昨年4月に発令された政府の緊急事態宣言を見るまでもなく、コロナ禍が社会に与えた影響はとてつもなく大きい。働き方やオフィスのあり方の変化はそのひとつ。どういった変化が起き、今後どうなっていくのか。

リクナビNEXT編集長の藤井薫氏とコクヨ・ワークスタイル研究所所長の山下正太郎氏が語り合った。興味深いトークセッションの模様を2回にわたり紹介したい。

  • 左から、コクヨ・ワークスタイル研究所所長 山下正太郎氏、リクナビNEXT編集長 藤井薫氏

「働」という漢字の成り立ちが問われた1年

数年前から働き方改革が叫ばれていたが、今回のコロナ禍で働き方やオフィスの変化が加速したことは間違いない。トークセッションは2人の振り返りから始まった。
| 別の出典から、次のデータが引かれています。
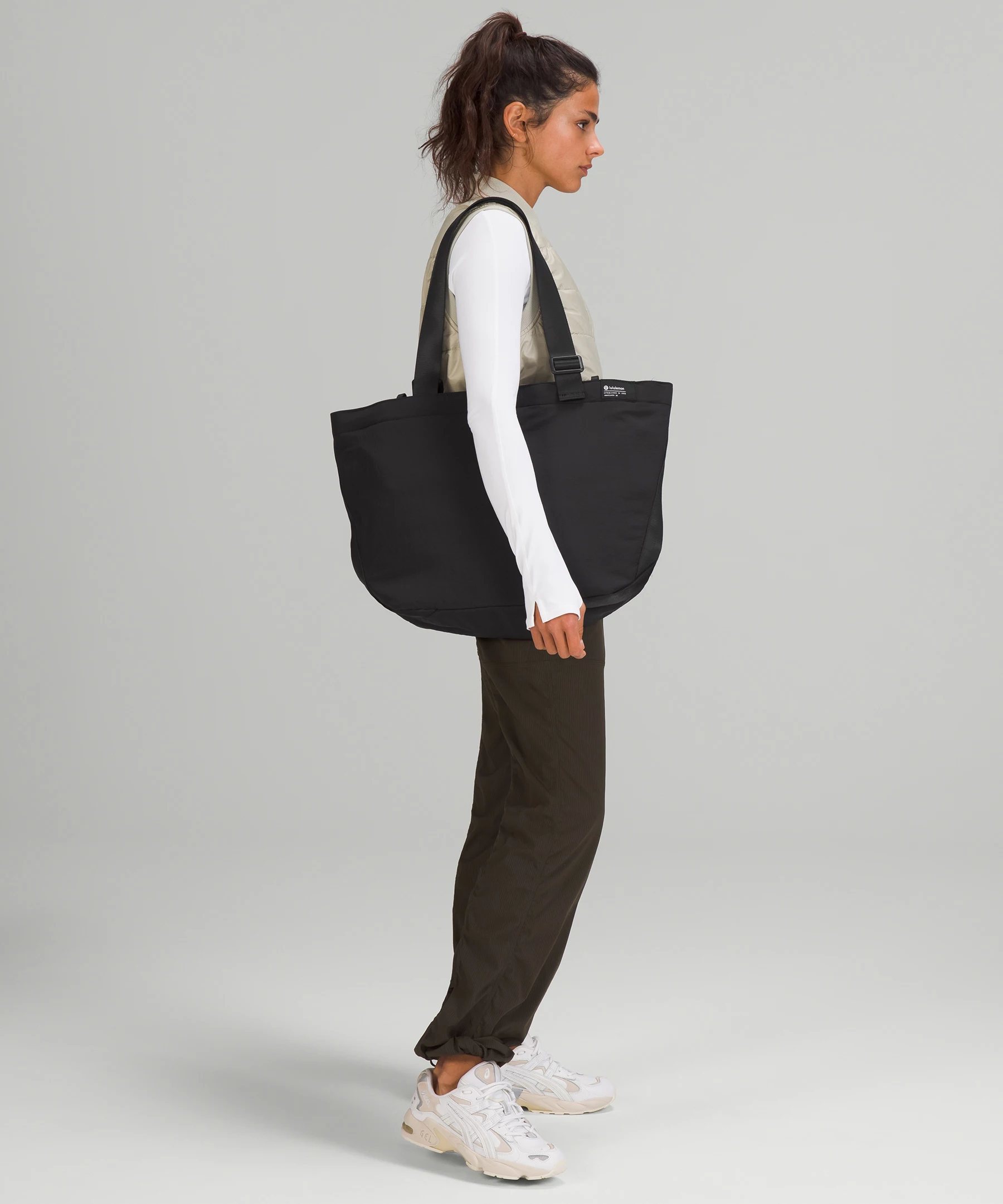 Clean Lines Tote Bag 22L Black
「この1年は、コロナ禍でワークスタイルはもちろんライフスタイルまで変化しました。そして、半強制的に普及したテレワークでは、孤独感や健康といった問題が現在進行形で起きています。また、オフィスに通わなくても仕事できるよう社内システムのDX(デジタル・トランスフォーメーション)化への対応も求められました」(山下氏)

「私は『漢字おじさん』を自称しているのですが、『働』という漢字の意味を改めて考えさせられた1年でした。つまり、『人』『重』『力』の3つで成り立っているのは、人が重なり合うことで力が発揮できるという意味です。コロナ禍によるテレワークの普及は、自然界がこのことの大切さを改めて教えてくれたのだと思います」(藤井氏)

「間」の取り方が難しいオンラインコミュニケーション

2人が指摘したことは、テレワークを体験している人には実感できることではないだろうか。筆者もコロナ禍でオンライン取材の機会が多くなったが、やはり対面取材とは違う難しさを感じている。この難しさに対する両者の見解も興味深い。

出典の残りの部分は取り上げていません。